A West Midlands family have been commended by Coroner for “tenacity and perseverance in seeking answers”.
Russell’s Hall Hospital falls under the Dudley Group NHS Foundation Trust.
What was the case?
In July 2017 Mrs Dunn was admitted to Russell’s Hall Hospital after developing swelling of her tongue which was causing her difficulty in breathing. Whilst in hospital, it was clear Mrs Dunn required an emergency tracheostomy in order to help secure her airway, however, a tracheostomy kit was unavailable.
Following this there was then a delay in finding a basic scalpel to perform the emergency procedure which would have helped Mrs Dunn to breathe. Mrs Dunn went on to suffer a lack of blood flow to the brain and a cardiac arrest, and sadly died 5 days later. Medical experts giving evidence have confirmed that the unnecessary delays in Mrs Dunn’s care had contributed to her death.
Initially, the hospital reported Mrs Dunn’s death to the Coroner, however failed to mention the concerns which had been raised around her treatment and the delays in securing the lifesaving equipment. As a result, an Inquest was not listed at the time. The family of Mrs Dunn were also not informed of the sequence of events until they requested copies of her medical records almost two years later.
After the family were made aware of the real sequence of events, we were instructed to contact the Coroner and provide further information so that the death could be reconsidered. After detailed submissions to the Coroner, an Inquest was opened and took place on 3 – 5 March 2021.
What was the outcome?
Following a review of Mrs Dunn’s case, it was clear that the lack of provisions set in place by Russell’s Hall Hospital had contributed to her death.
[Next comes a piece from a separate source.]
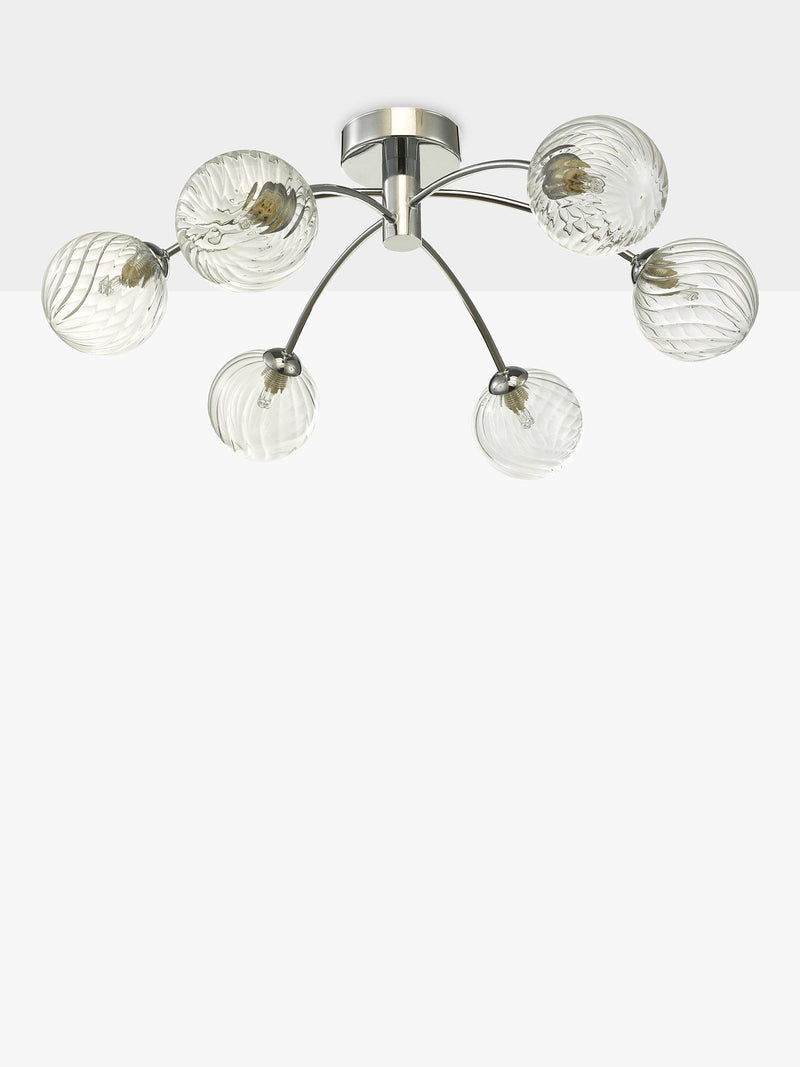 Där Izzy twisted glass ceiling light clear polished chrome - British product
The hospital staff were unable to locate the necessary equipment, including a basic scalpel, and the Coroner found that this resulted in delays in providing the treatment which Mrs Dunn urgently required.
During the inquest Black Country Coroner Zafar Siddique commended Mrs Dunn’s family for their “tenacity and perseverance in seeking the proper answers to the questions they have had for so long.”
Chartered Legal Executive Michael Portman-Hann said the family were grateful to the Coroner for recognising their concerns and investigating the sequence of events which led to Mrs Dunn’s death on 17 July 2017. “There was no formal investigation at the time of Mrs Dunn death and her family were not told about the circumstances until they requested Mrs Dunn’s medical records over 18 months later.” “Her family had so many questions and concerns about the care she received and this inquest has helped provide them with the answers they so desperately wanted and deserved.”
Mrs Dunn’s Granddaughter, Sarah George, added: “Something about the care provided never really felt right to us, which is why we requested the medical records and looked into it further. We are so glad that we did, and didn’t just ignore our gut instinct, as had we not pushed for answers we would never have known about the issues which occurred in the treatment provided. We hope that some good can come out of this and that the Trust recognise it is important that open investigations are performed and families made aware of potential issues in treatment so that further distress can be avoided.”
Chief Executive for the Dudley Group NHS Trust, Dianne Wake, said “We would like to offer our sincere condolences to Dorothy Dunn’s family on her very sad death in 2017 while she was in our care. We fully accept the conclusion and findings of the Coroner”. In addition, the Chief Executive of the Trust was asked to write to the Coroner and confirm that all future reports will include details of any concerns raised by treating clinicians, so that a full consideration of the facts can occur before deciding to list an Inquest or not.